ESC ile ekranı kapatabilirsiniz.

KöktürkçeKöktürkçe Türkçe'nin Özü

Göktürklerde Budizm

5.2.6. Göktürklerde Budizm

Göktürklerde, Doğu Hunları gibi bir süre siyasi nedenlerden dolayı Budizm’i kabul etmek zorunda kalmıştır. Bunun sebebi olarak da bir yandan Çin, Konfüçyanizm’i ve diğer yandan da Hristiyanlığın, etraflarında büyümesiyle beraber, kültürel olarak etkilenmemek için bu yolu seçmişlerdir. Türklerin tüm dinlere olan hoşgörüsünden kaynaklı olarak, topraklarına birçok farklı dinden ibadethaneler ve eserler girmiştir. Budizm’in Türklerin arasında yayılmasının bir diğer sebebi de kesinlikle ticarettir. Bilge Kağan Orhun’da yeni bir şehir yaptırıp içine Tao ve Buda mabetleri kurdurmak istemiştir. Bu düşüncesini Tonyukuk’a iletmiş ve şu cevabı almıştır:

‘’Bu olmaz! Çünkü Türkler sayıca çok azdır. Çin’deki nüfusun yüzde biri kadar dahi değildir. Buna rağmen biz, Çin’e karşı hep başarı ile karşı koyduk. Biz buna şükredelim. Biz, suları ve otlakları takip ederek dolaşıyoruz. Bununla beraber halkımızın hepsi de savaş sanatı ile uğraşmaktadır. Güçlü olduğumuz zaman savaş alanlarına çıkı yor, zayıf olduğumuz zaman da dağlara ve derin vadilere gidiyoruz. Eğer etrafı surlarla çevrili şehirler yaparsak kendimizi hapsetmiş oluruz. Buda ve Tao dinleri ise insanlara yumuşaklık ve miskinlik verir. Bu sebeple Türklerin yaşayışlarına ve savaşçı ruhlarına uygun gelmez. Çinlilerin karşısında mağlup oluruz. Bu nedenle bu mabetleri yapamayız” (Güngör,2020:154).

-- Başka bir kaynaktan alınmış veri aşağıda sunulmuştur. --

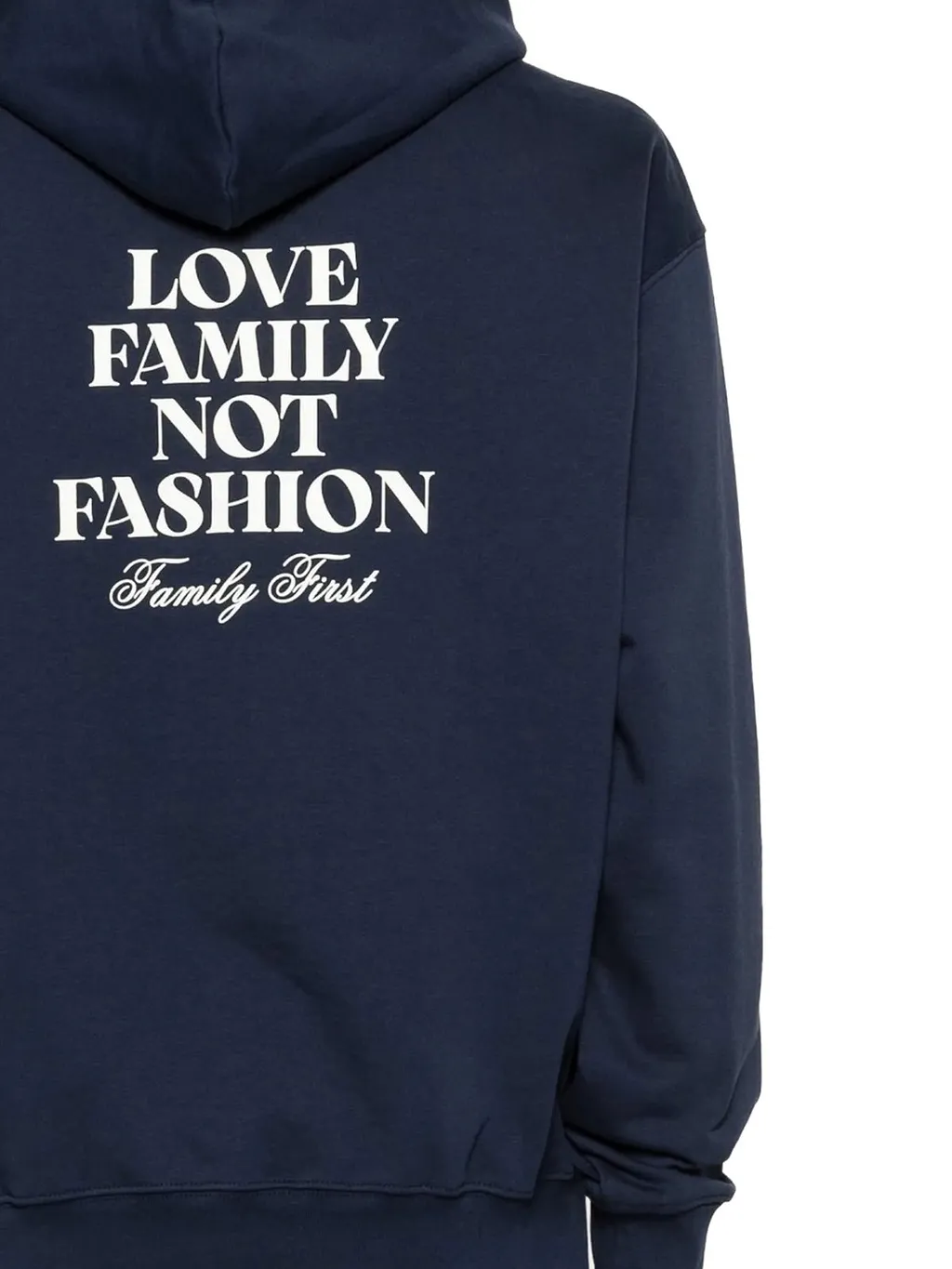 Family First Slogan Print Hoodie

Tonyukuk aslında böyle bir şey yaparlarsa asimile olma ihtimallerinin olduğunu düşünüp bu açıklamayı yapmıştır. Çünkü bu kadar yumuşak davranırlarsa karşılarına sert olarak çıkmaları doğaldır. Zaten bu tavsiyelerden sonra Bilge Kağan veziri ve kayınpederi olan Tonyukuk’u dinleyerek bu fikrinden vazgeçmiştir. Göktürkler Batı ve Doğu olmak üzere ikiye ayrık bir şekildelerdir. Batı için kısa bir süre Budizm yaşanmış diye bir düşünce olsa da buna dair bir belgeye rastlanılmamıştır. Göktürkler her zaman Çin kültürüne ve onların dinlerine karşı çıkmıştır. Öte yandan Orhun Abideleri’nde de hiçbir şekilde Budizm ile ilgili bir bilgiye değinilmediği göz önündedir. Bu dönemler içerisinde yapılan tapınaklar ve ibadethaneler ise denildiği gibi saygıdan ve ticari yollardan ülkeye gelen insanların rahat bir şekilde dinlerini yaşamaları için yapılmıştır. Türkler her zaman insanları düşünen bir topluluk olmuştur. Dine saygılı insanlardan oluşan topluluklardır. Hem de bu şekilde siyasetini de yapmış oluyorlardı.